● **PROBLEM TO SOLVE**
Once the pictures are set aside, repeat all of the data below exactly.

● **DATA SECTION**
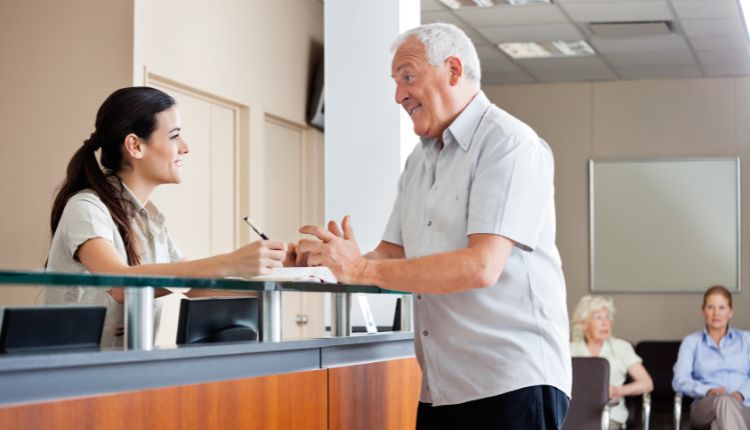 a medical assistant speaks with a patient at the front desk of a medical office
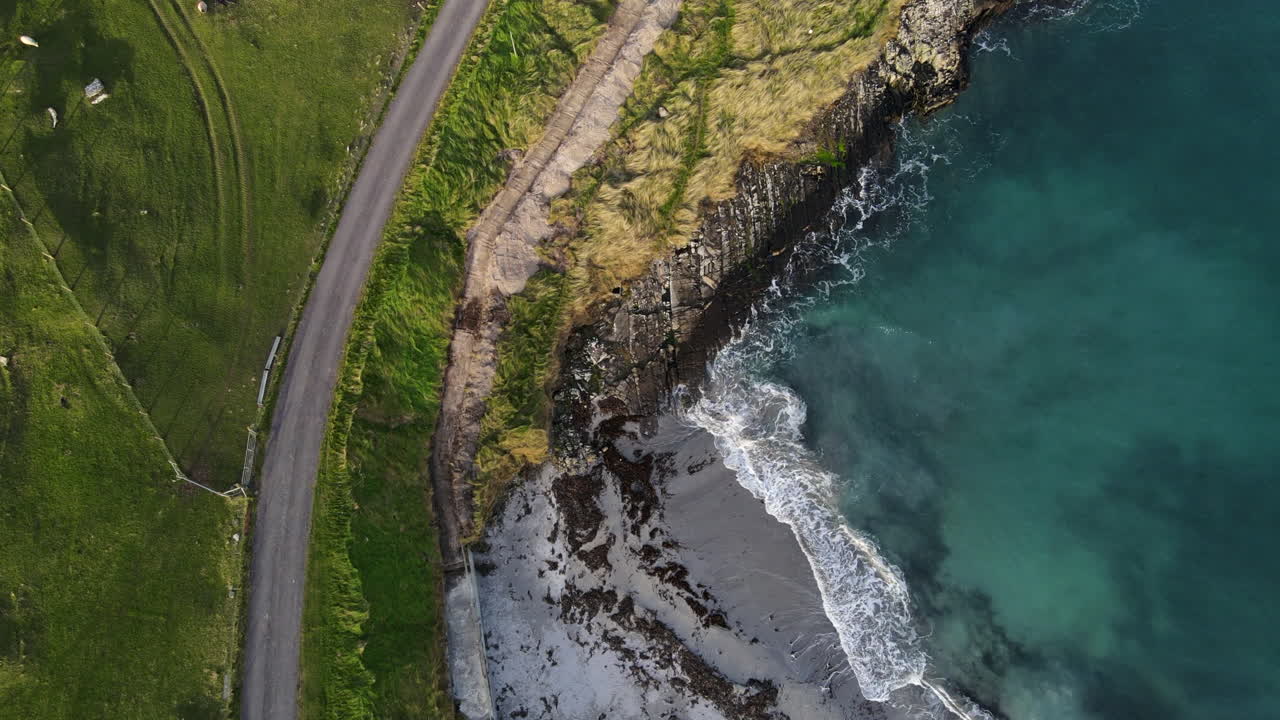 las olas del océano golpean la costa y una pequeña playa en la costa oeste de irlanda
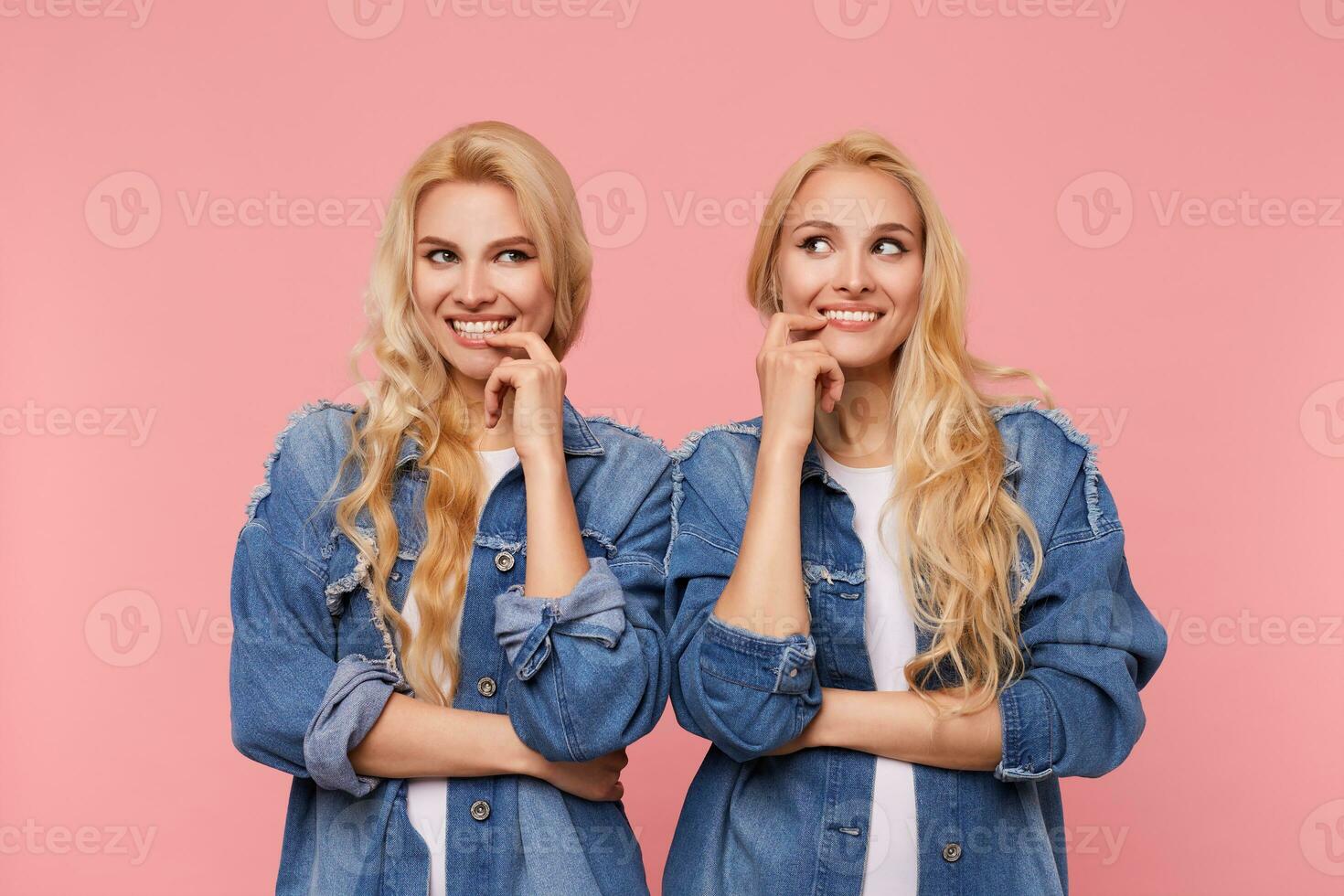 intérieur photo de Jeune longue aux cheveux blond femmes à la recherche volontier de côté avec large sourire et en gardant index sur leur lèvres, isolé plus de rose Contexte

● **SOLUTION**
 a medical assistant speaks with a patient at the front desk of a medical office
 las olas del océano golpean la costa y una pequeña playa en la costa oeste de irlanda
 intérieur photo de Jeune longue aux cheveux blond femmes à la recherche volontier de côté avec large sourire et en gardant index sur leur lèvres, isolé plus de rose Contexte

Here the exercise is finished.